The actual face of an eating disorder is heterogeneous: mostly female, but also male; individuals who identify with their assigned sex and gender, and those who don't; racialized individuals; newcomers to Canada and established Canadians; individuals with physical disabilities; individuals with concurrent medical or psychological disorders, such as, diabetes, substance abuse, depression, PTSD, and so on. Individuals from all socio-economic walks of life have eating disorders.
Eating disorders have the highest mortality rate of all psychiatric illnesses and are the third most common illness among adolescent girls.
The consequence of these mythologies about eating disorders is that shame creates silence that can be deadly. Individuals ashamed of what they are going through are less likely to seek the help that they need.
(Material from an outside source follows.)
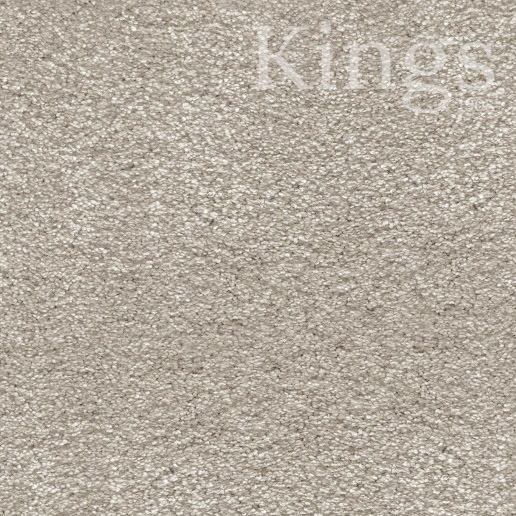 Associated Weavers iSense Serenity Hessian 47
We need to amplify the conversation about eating disorders in Canada, mindfully, fully, respectfully.
There is simply no financial support by any level of government for an appropriately resourced, sustainable organization focused on increasing understanding of what eating disorders are, how they develop, what maintains them, what kinds of treatment are available and how to access it.
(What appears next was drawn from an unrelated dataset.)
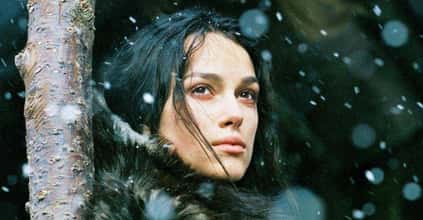 The 40+ Best Keira Knightley Movies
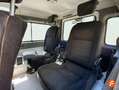Land Rover Defender 110 SW E Blanco - thumbnail 11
NEDIC, for example, has 2.5 permanent staff members and our sole source of annualized funding is a small budget from the Ontario Ministry of Health and Long-Term Care. The majority of our work is done by cobbling together student, volunteer, and project funding.
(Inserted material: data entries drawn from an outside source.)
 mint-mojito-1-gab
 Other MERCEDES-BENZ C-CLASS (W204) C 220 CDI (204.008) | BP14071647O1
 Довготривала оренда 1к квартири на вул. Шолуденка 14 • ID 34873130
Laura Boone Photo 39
Working upstream, in education, mental health promotion, and prevention of eating disorders is of critical importance. Awareness and education campaigns are important because they can lead to better population health and fewer subclinical eating disorders. They can relieve shame, denial, and decrease stigmatization and discrimination against individuals with eating disorders. Education campaigns can lead to better early identification of individuals at risk. They can lead to earlier treatment which is known to have better outcomes. Earlier treatment for less entrenched eating disorders will relieve the pressure on already inadequate services for the severely ill.
Clearly, appropriate prevention, early intervention, and early identification and treatment will have social and economic benefits that are largely unquantifiable. Parents of individuals with eating disorders will not be taking time off work to care for critically ill children. Youth will remain in school, socially engaged, and will contribute more to society, enriching all of us.
There are enormous gaps across Canada in the continuum of care that should exist for eating disorders. They run the gamut from research and health promotion to prevention and treatment. Canada desperately needs a coherent national eating disorders strategy. I believe that it's critically important to invest in education at the population level as well as within segmented audiences.
Thank you for this opportunity to appear in front of you today. I'm happy to answer questions.